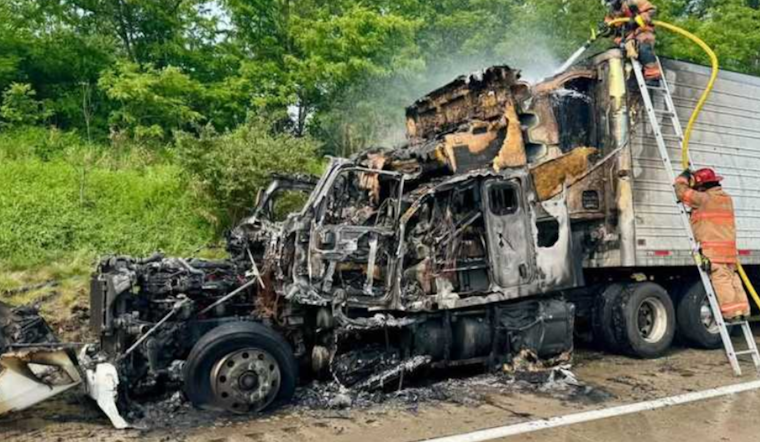No Injuries Reported as Tractor-Trailer Erupts in Flames on I-79 in Washington County, Causes Traffic Delays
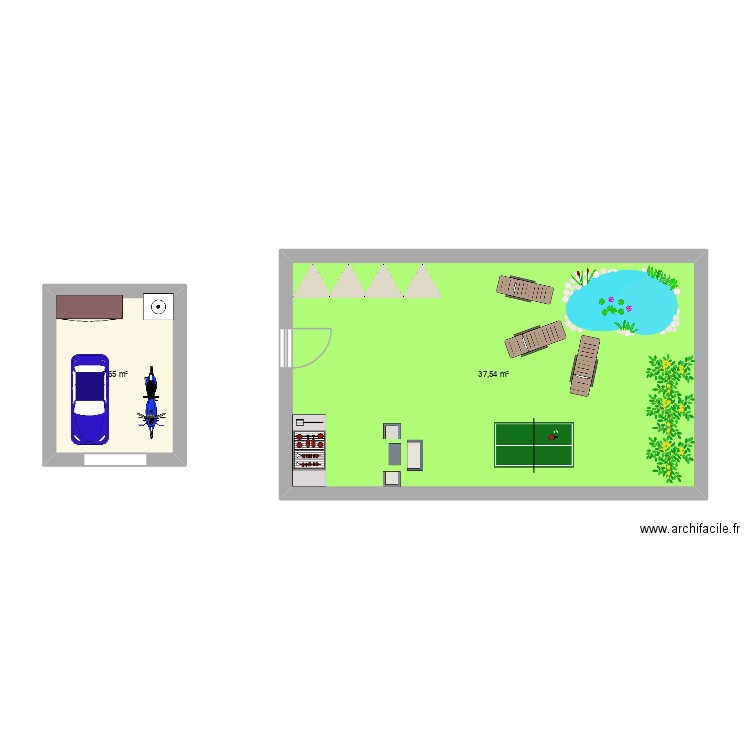 jardin et garage. Plan de 2 pièces et 45 m2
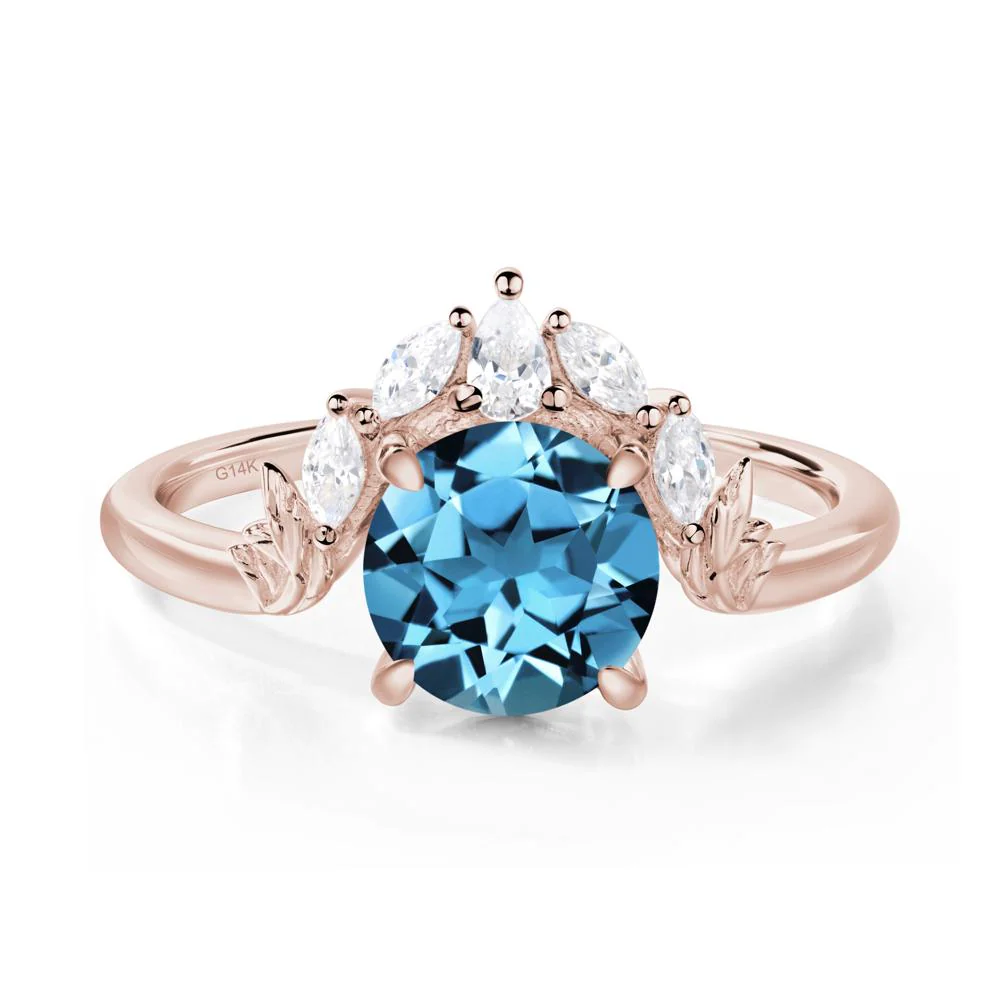Swiss Blue Topaz Ring with Marquise Side Stone - Image 5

——————————

What the task asks
Return the full listing exactly as written, without any of its images.

Answer to the problem
No Injuries Reported as Tractor-Trailer Erupts in Flames on I-79 in Washington County, Causes Traffic Delays
 jardin et garage. Plan de 2 pièces et 45 m2
Swiss Blue Topaz Ring with Marquise Side Stone - Image 5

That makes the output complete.